# ROUBAIX SL4 2014 vs ROUBAIX 2013 - RIDE QUALITY DIFFERENCES



## CHRIS217 (Jan 10, 2010)

Considering both of these ( basic models ) but interested in the differences between ride quality / comfort and stiffness.

is there a noticable difference?

is there a comfort difference between the two ?

is the SL4 better ?

appreciate any feedback 

thanks


----------



## Dunbar (Aug 8, 2010)

CHRIS217 said:


> Considering both of these ( basic models ) but interested in the differences between ride quality / comfort and stiffness.

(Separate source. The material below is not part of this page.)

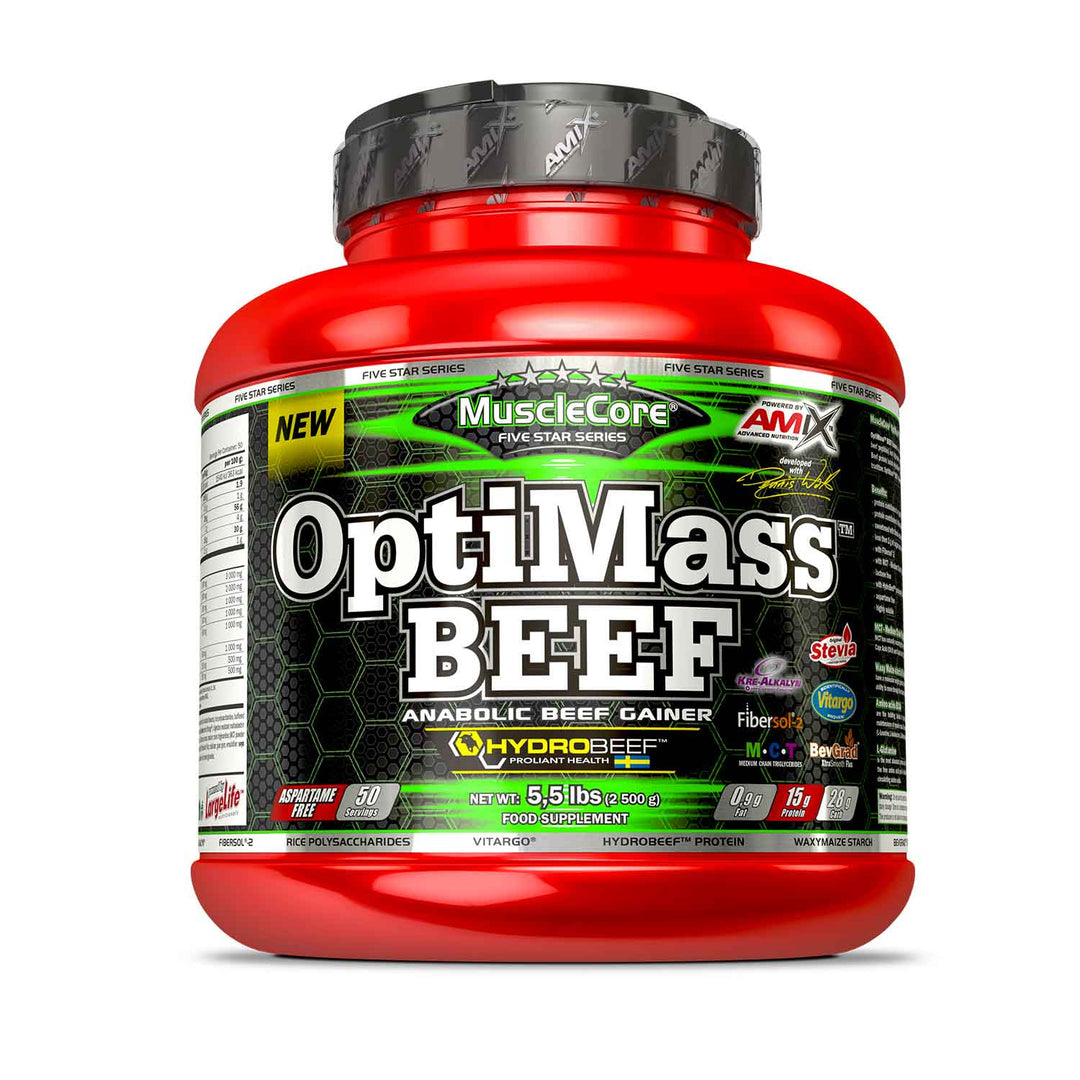 OptiMass Beef Gainer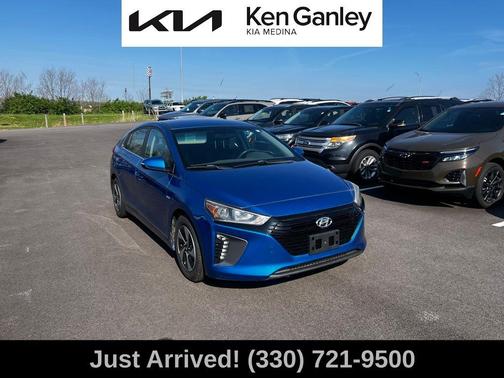 Electric Blue Metallic 2017 Hyundai IONIQ Hybrid SEL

I'm going from a 2013 Roubaix SL2 (8r) to a 2014 SL4 Expert (10r) warranty replacement frame (should being picking the bike up Sunday.) You're asking about the 8r SL2 vs the 8r SL4 which I have not ridden. I have heard that the 10r carbon is stiffer than 8r carbon but I have no idea how true that is. Once I put a few miles on the SL4 Expert I plan to post in this forum with my experience.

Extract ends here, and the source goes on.